By Justin Allen
I first saw Jonathan Lyndon Chase’s work about two or three years ago on Tumblr. From 2010 to around 2015—my senior year of high school to one year out of college—I frequented Tumblr. Over this span I engaged a confluence of pop cultural imagery, original art, confessional blog posts, porn, and mundane snaps and selfies. Images on Tumblr exemplify those commonly sourced for memes elaborated with text that set up a scenario or joke for which the image provides the conclusion or punch line. Thus, when made a meme, these images reflect a specific sentiment or experience that, Aria Dean writes, “sustains an appearance of individuality (‘it me’) while being wholly deindividuated (‘same’).”1 When addressing sexual dynamics and experiences, memes can cultivate a distinct intimacy, particularly when passed among social media platforms and text messages. In relating to and sharing a sexual meme, one connects with others—the likely anonymous meme makers and meme-passers with whom a sexual memory or turn-on is shared—and one connects with oneself, a type of confession-acceptance of personal kinks encouraged by public online expression.
I mention this because Chase’s work, for me, echoes such an intimacy. In Legs Legs Legs Legs (2015), two nude men splay their legs in mirroring poses, flexing their feet in a manner that makes them appear either lying down or squatting. As a black viewer, I immediately notice their hair. They look to have recently visited the barbershop. The man on the left likely sleeps in a wave cap. But what strikes me most is the artist’s use of freely painted geometric shapes to depict his subjects and the rooms they inhabit.
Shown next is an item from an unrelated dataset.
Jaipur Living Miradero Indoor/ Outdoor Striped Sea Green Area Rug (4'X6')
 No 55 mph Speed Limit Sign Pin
While frequenting Tumblr, some of the first works I saw from Chase portrayed the vogue ballroom scene, utilizing such shapes to evoke the precision, flexibility, and playful sensuality of the voguing dance form. I hesitate to describe this as a form of abstraction, but instead describe it as a portrayal of the sensorial impact of black creative performance production. Similarly,In Legs, shapes feel less like an exaggeration than an insistence on the acknowledgement of a queer social realm beyond that of exclusionary hook-up preferences and commercial simplification: a realm in which black men,wrestling with the terms of gender binarism and reveling in each other’s curves, gloriously and unashamedly exists. The work urges us to recognize.
In 3SUM (2016), Chase props the 72 x 60-inch canvas on a pair of his own sneakers. Music notes hover and give the scene a steady thump. Two men stack on all fours, one on top of the other. A third appears above them as a floating head and massive palm lifting a smoking joint to the man in the middle’s pouted lips, which form a thick red circle almost identical to that painted on his butt cheek. A similar red circle emphasizes the anuses of a black cat and tattooed man in another painting, At Trades Place (2017). In a number of works, we notice the limbs and genitals of multiple subjects blending together, intertwining, considerately disarranged like action figures misassembled.
Thinking on this painterly jumble of bodies, I am reminded of some of my own experiences of contorting and twisting myself into positions that at once reinforce giver-receiver dichotomies and relieve the sexual urges that these dichotomies can satisfy. Chase’s layering, blending, and use of the circle to depict ass, lips, sphincter, and areolas pinpoints the emotional extremities of sexual arousal that render the seemingly vulgar comforting and gratifying. Chase pulls us into the parts of ourselves aroused by the wonderful nastiness and funk of our own bodies and others.
While the work does not center in social media, I begin with an anecdote about Tumblr because Chase’s paintings point to ways social media has shifted our relationship to a medium that predates it. I do not think it is an overstatement to say that many of us more often see paintings on computer and smartphone screens than we do in person, and Chase understands this and the expectations set by an onslaught of meme generation and reception. He understands the validation in identifying with a meme when we realize that none of us are idiosyncratic alone. His paintings inch us toward confession acceptance.
For those of us part of the demographic that appear in these paintings, it is likely one of few times we have seen narratives like ours in an art gallery, let alone represented in media in a manner
that does not either conveniently overlook our sexual desires or reduce us to nothing more. Fitting, then, that I first encountered Chase’s work online, amongst a digital landscape where much content is user-generated, and thus users have a heavier hand in complicating normalcy. As online communities tighten, as their identities grow more specific and their interests more niche, hesitance toward openness often dissolves as the world and norms outside this small, comfortable space dissolve, too. Insularity allows conversations to deepen, bonds to
deepen, and the nuances that connect us to become more prominent when we exit this comfort, leaving our computers, our beds, our bedrooms to reenter the larger world. When I see Chase’s work I am reminded of this social straddling, and moments in which the unlearning of norms opened up new possibilities for living and loving with and among others. Chase’s paintings do not only feel like thoughtful representations, they feel like an embrace.